Omit the pictures, please, and give each record below again exactly.

Segment Start: Records

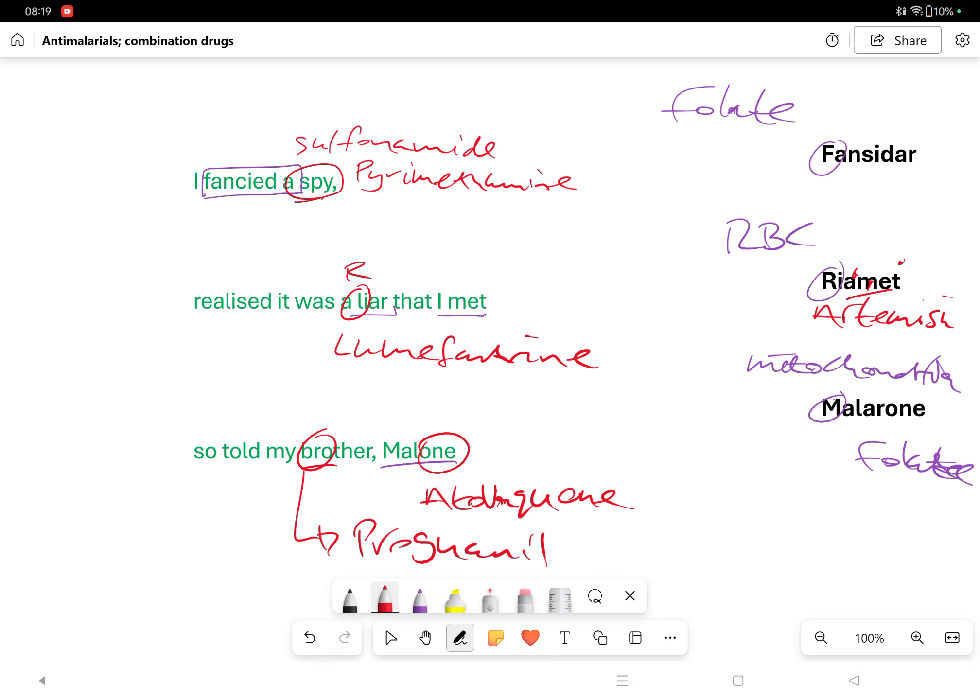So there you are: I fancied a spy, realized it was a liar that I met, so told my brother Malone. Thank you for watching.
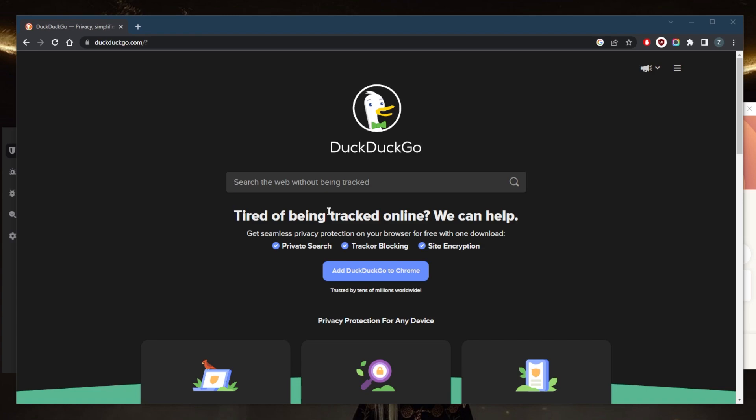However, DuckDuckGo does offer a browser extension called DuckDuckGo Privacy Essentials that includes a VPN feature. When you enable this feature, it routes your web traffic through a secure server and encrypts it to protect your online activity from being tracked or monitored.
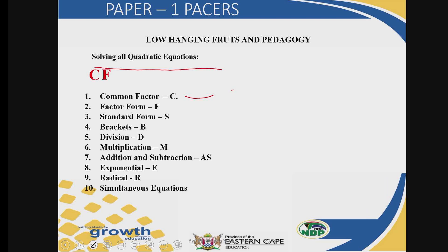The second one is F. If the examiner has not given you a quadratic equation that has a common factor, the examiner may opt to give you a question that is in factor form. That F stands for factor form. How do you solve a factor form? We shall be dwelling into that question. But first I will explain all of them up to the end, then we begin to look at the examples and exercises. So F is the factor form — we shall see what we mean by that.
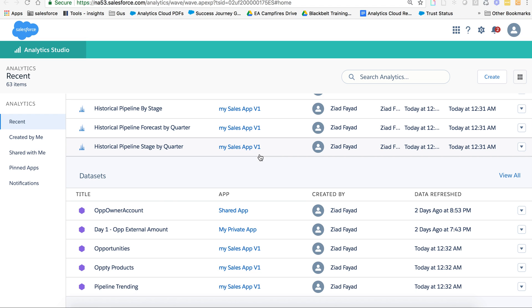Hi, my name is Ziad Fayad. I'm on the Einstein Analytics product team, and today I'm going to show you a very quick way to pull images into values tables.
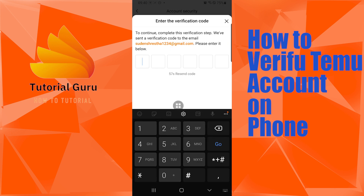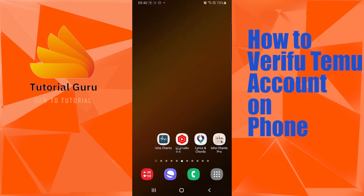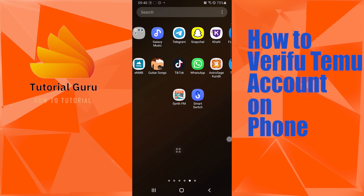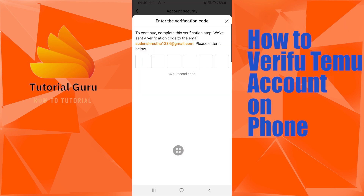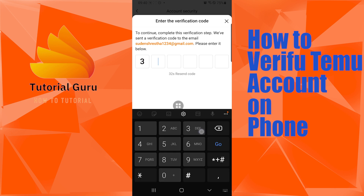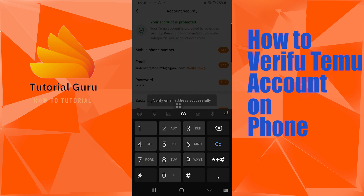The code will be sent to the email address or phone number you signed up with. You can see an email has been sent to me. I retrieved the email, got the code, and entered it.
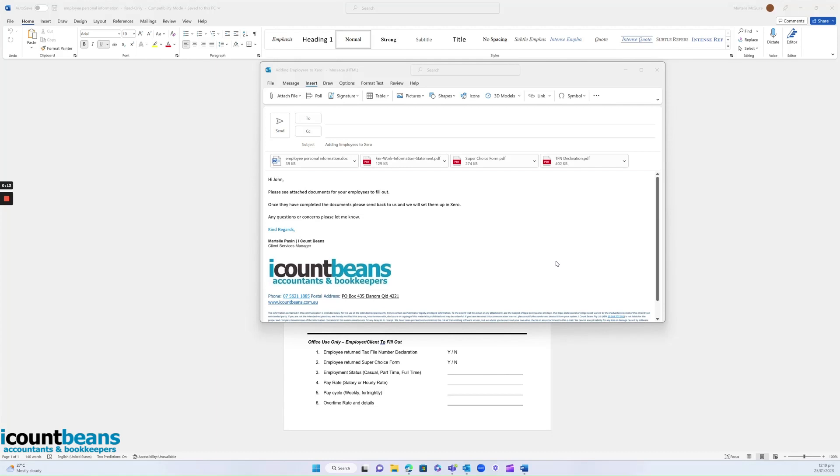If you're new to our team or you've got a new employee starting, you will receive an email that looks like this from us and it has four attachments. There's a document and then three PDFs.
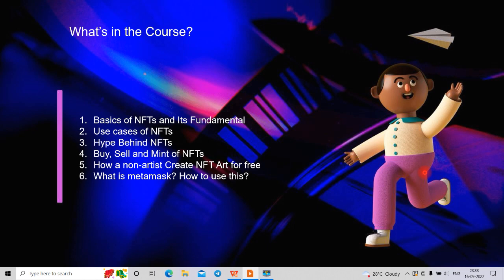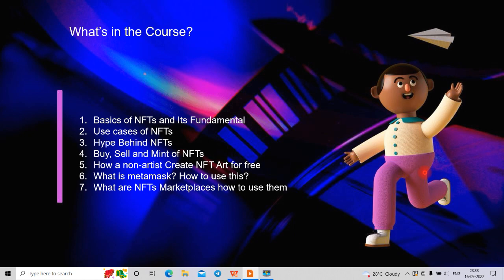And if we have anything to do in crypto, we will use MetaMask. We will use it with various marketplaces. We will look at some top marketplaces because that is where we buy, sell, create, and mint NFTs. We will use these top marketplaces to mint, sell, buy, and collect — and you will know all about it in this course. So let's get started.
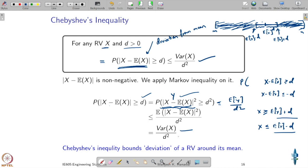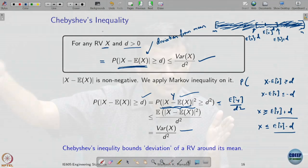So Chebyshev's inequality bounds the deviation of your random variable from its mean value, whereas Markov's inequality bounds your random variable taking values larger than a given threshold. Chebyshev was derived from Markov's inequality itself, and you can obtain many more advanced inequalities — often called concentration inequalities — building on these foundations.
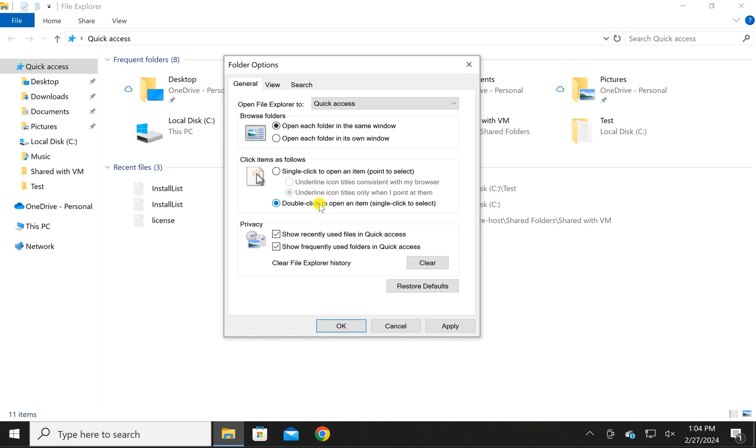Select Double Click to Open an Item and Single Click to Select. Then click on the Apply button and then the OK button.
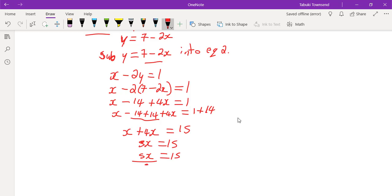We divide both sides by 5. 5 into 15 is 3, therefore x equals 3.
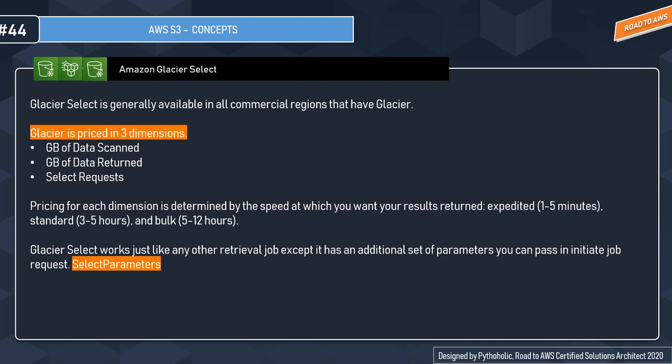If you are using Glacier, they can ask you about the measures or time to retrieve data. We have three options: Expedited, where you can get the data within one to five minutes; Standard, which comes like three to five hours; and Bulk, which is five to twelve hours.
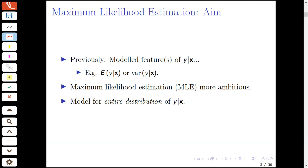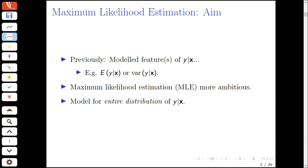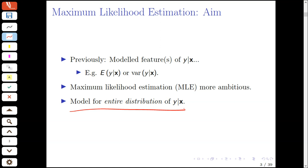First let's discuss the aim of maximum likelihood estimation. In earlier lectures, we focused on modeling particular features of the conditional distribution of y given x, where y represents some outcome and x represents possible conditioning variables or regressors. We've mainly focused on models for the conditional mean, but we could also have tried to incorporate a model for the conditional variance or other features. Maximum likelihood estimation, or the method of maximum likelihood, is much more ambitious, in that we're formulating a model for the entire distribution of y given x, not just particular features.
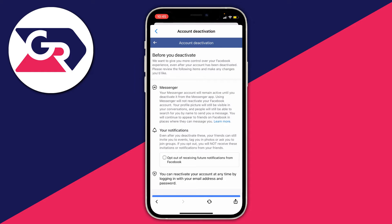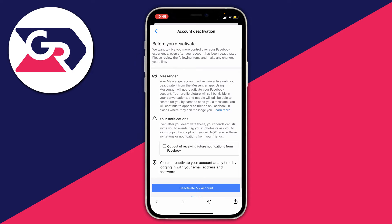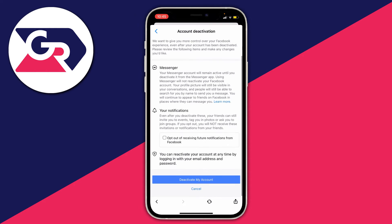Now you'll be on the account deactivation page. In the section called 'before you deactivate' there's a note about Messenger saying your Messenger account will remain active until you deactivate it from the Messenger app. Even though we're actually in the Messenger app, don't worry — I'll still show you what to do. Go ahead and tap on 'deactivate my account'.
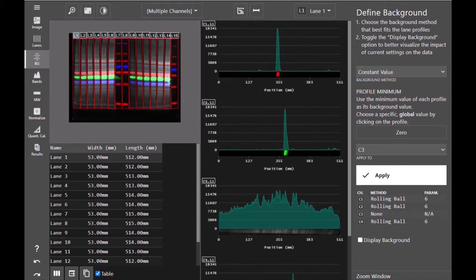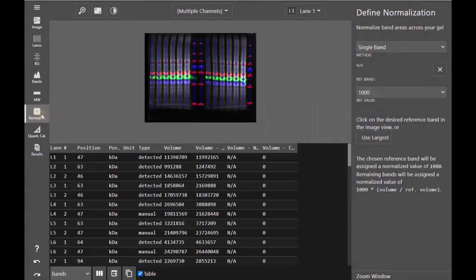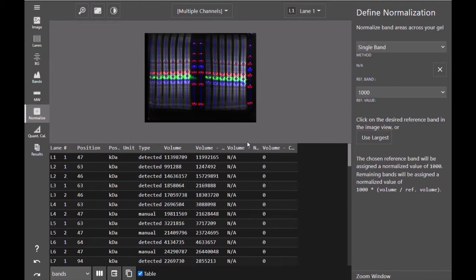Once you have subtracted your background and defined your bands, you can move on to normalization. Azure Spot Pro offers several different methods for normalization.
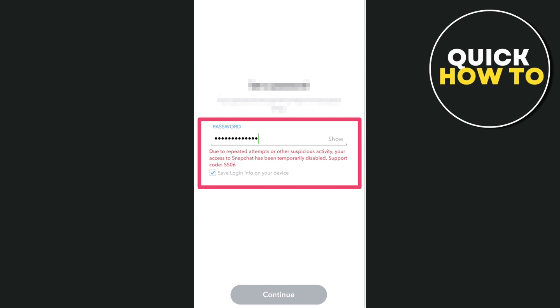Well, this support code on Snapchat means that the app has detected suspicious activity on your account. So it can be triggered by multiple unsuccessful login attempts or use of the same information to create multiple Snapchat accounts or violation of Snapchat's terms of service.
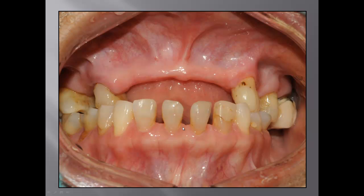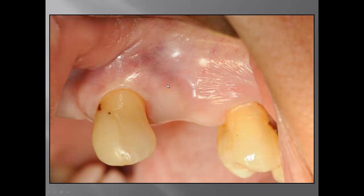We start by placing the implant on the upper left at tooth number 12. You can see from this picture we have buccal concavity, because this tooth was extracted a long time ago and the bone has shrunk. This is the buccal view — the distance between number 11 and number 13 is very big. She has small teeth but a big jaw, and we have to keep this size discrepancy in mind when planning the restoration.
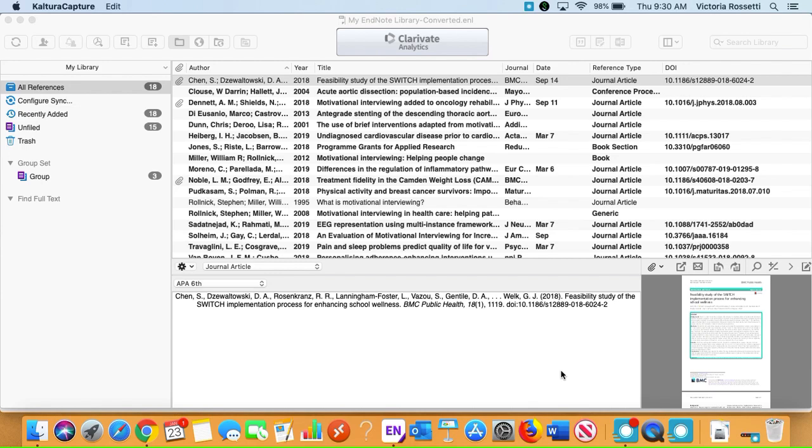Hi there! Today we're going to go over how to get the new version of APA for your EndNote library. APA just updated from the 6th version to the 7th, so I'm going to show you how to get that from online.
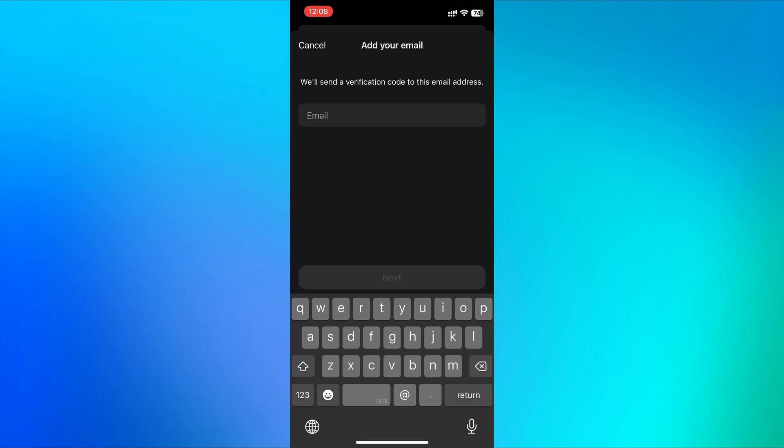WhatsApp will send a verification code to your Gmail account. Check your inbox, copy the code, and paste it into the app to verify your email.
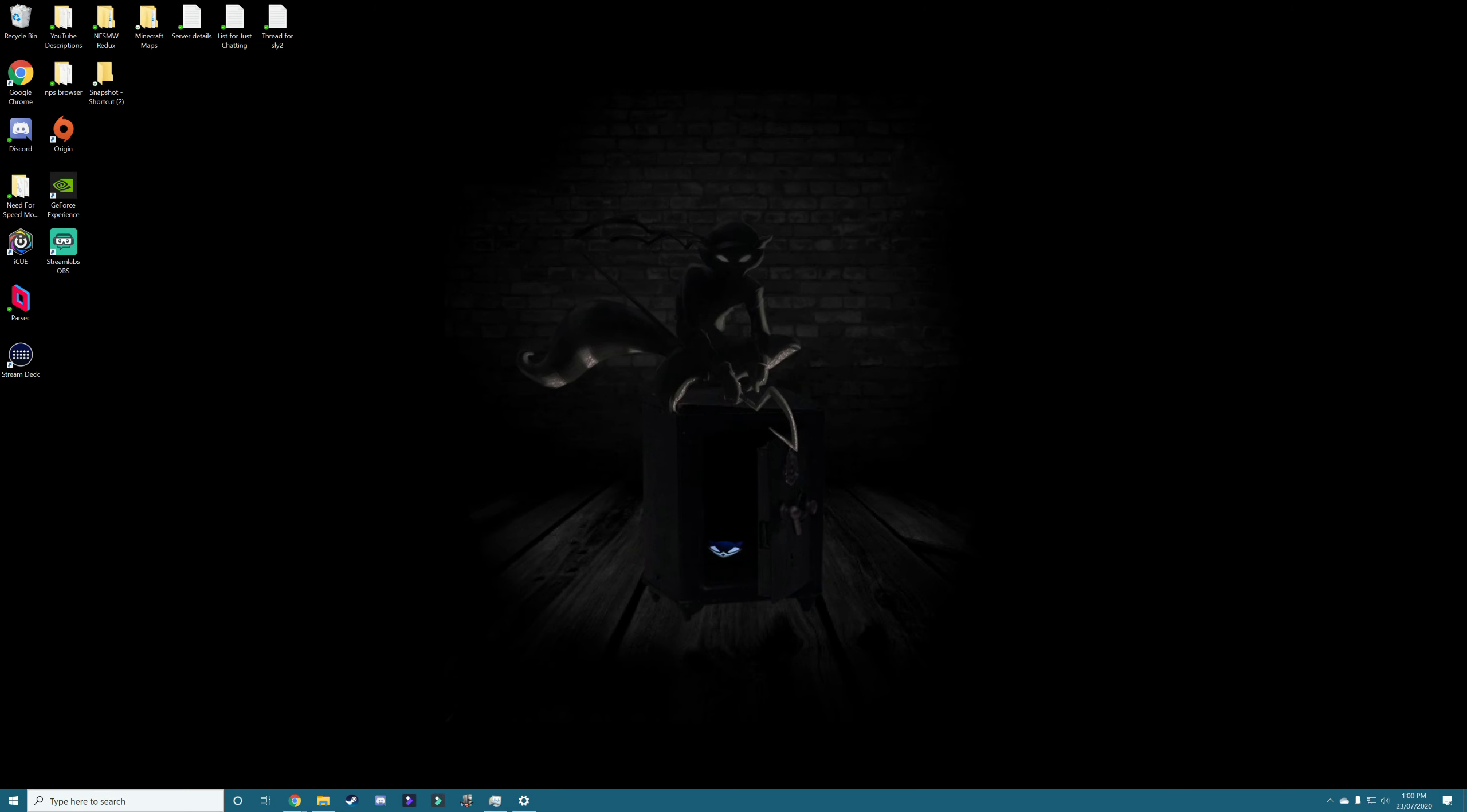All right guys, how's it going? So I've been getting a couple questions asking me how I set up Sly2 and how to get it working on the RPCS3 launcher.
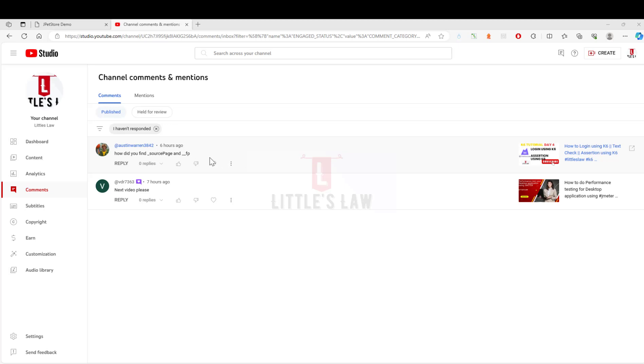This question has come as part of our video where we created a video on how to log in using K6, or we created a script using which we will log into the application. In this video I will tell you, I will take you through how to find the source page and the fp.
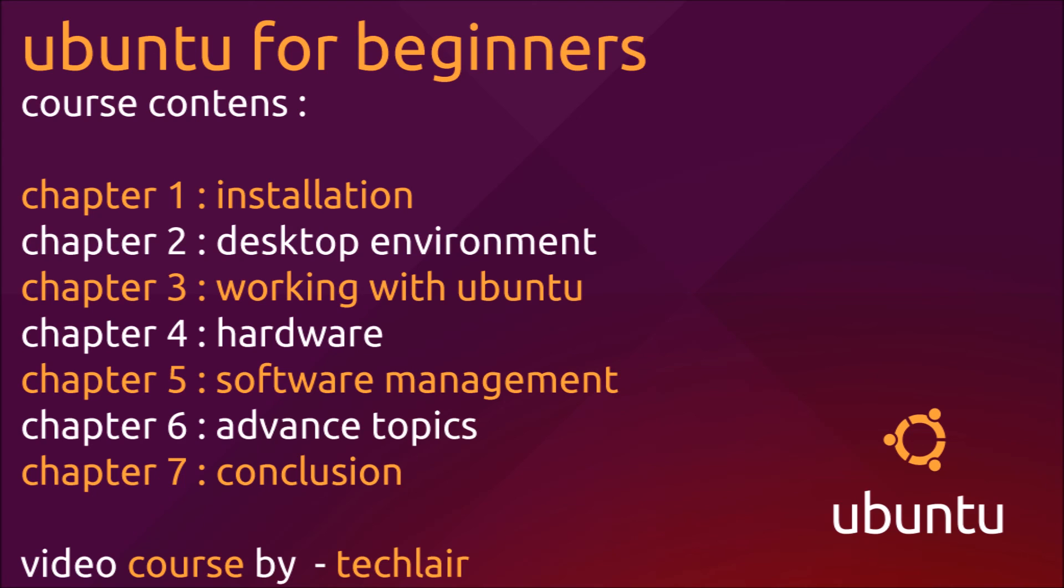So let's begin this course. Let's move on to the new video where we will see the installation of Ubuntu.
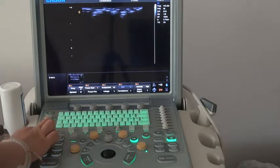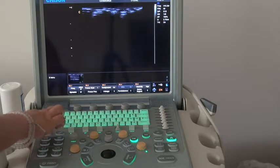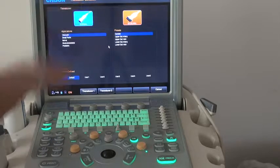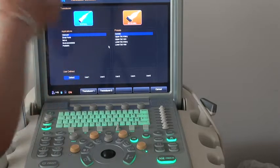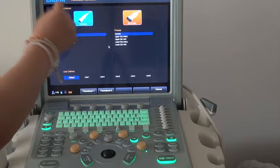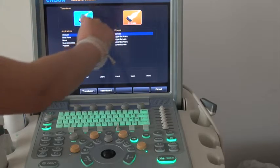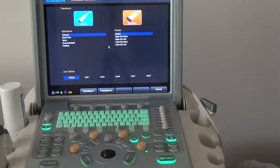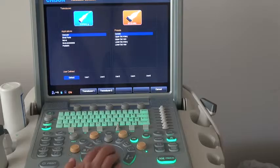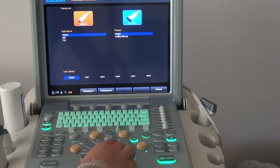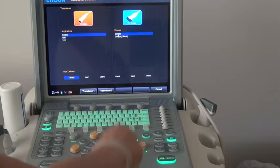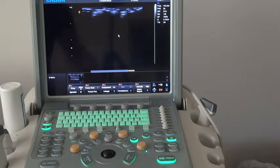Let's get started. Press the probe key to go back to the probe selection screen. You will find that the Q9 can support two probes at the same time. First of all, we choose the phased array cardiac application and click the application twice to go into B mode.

Segment End: Records

(Response to the task)
So there you are: I fancied a spy, realized it was a liar that I met, so told my brother Malone. Thank you for watching.
However, DuckDuckGo does offer a browser extension called DuckDuckGo Privacy Essentials that includes a VPN feature. When you enable this feature, it routes your web traffic through a secure server and encrypts it to protect your online activity from being tracked or monitored.
The second one is F. If the examiner has not given you a quadratic equation that has a common factor, the examiner may opt to give you a question that is in factor form. That F stands for factor form. How do you solve a factor form? We shall be dwelling into that question. But first I will explain all of them up to the end, then we begin to look at the examples and exercises. So F is the factor form — we shall see what we mean by that.
Hi, my name is Ziad Fayad. I'm on the Einstein Analytics product team, and today I'm going to show you a very quick way to pull images into values tables.
The code will be sent to the email address or phone number you signed up with. You can see an email has been sent to me. I retrieved the email, got the code, and entered it.
If you're new to our team or you've got a new employee starting, you will receive an email that looks like this from us and it has four attachments. There's a document and then three PDFs.
And if we have anything to do in crypto, we will use MetaMask. We will use it with various marketplaces. We will look at some top marketplaces because that is where we buy, sell, create, and mint NFTs. We will use these top marketplaces to mint, sell, buy, and collect — and you will know all about it in this course. So let's get started.
So Chebyshev's inequality bounds the deviation of your random variable from its mean value, whereas Markov's inequality bounds your random variable taking values larger than a given threshold. Chebyshev was derived from Markov's inequality itself, and you can obtain many more advanced inequalities — often called concentration inequalities — building on these foundations.
Select Double Click to Open an Item and Single Click to Select. Then click on the Apply button and then the OK button.
We divide both sides by 5. 5 into 15 is 3, therefore x equals 3.
If you are using Glacier, they can ask you about the measures or time to retrieve data. We have three options: Expedited, where you can get the data within one to five minutes; Standard, which comes like three to five hours; and Bulk, which is five to twelve hours.
First let's discuss the aim of maximum likelihood estimation. In earlier lectures, we focused on modeling particular features of the conditional distribution of y given x, where y represents some outcome and x represents possible conditioning variables or regressors. We've mainly focused on models for the conditional mean, but we could also have tried to incorporate a model for the conditional variance or other features. Maximum likelihood estimation, or the method of maximum likelihood, is much more ambitious, in that we're formulating a model for the entire distribution of y given x, not just particular features.
Now you'll be on the account deactivation page. In the section called 'before you deactivate' there's a note about Messenger saying your Messenger account will remain active until you deactivate it from the Messenger app. Even though we're actually in the Messenger app, don't worry — I'll still show you what to do. Go ahead and tap on 'deactivate my account'.
Once you have subtracted your background and defined your bands, you can move on to normalization. Azure Spot Pro offers several different methods for normalization.
Well, this support code on Snapchat means that the app has detected suspicious activity on your account. So it can be triggered by multiple unsuccessful login attempts or use of the same information to create multiple Snapchat accounts or violation of Snapchat's terms of service.
We start by placing the implant on the upper left at tooth number 12. You can see from this picture we have buccal concavity, because this tooth was extracted a long time ago and the bone has shrunk. This is the buccal view — the distance between number 11 and number 13 is very big. She has small teeth but a big jaw, and we have to keep this size discrepancy in mind when planning the restoration.
Hi there! Today we're going to go over how to get the new version of APA for your EndNote library. APA just updated from the 6th version to the 7th, so I'm going to show you how to get that from online.
WhatsApp will send a verification code to your Gmail account. Check your inbox, copy the code, and paste it into the app to verify your email.
All right guys, how's it going? So I've been getting a couple questions asking me how I set up Sly2 and how to get it working on the RPCS3 launcher.
This question has come as part of our video where we created a video on how to log in using K6, or we created a script using which we will log into the application. In this video I will tell you, I will take you through how to find the source page and the fp.
So let's begin this course. Let's move on to the new video where we will see the installation of Ubuntu.
Let's get started. Press the probe key to go back to the probe selection screen. You will find that the Q9 can support two probes at the same time. First of all, we choose the phased array cardiac application and click the application twice to go into B mode.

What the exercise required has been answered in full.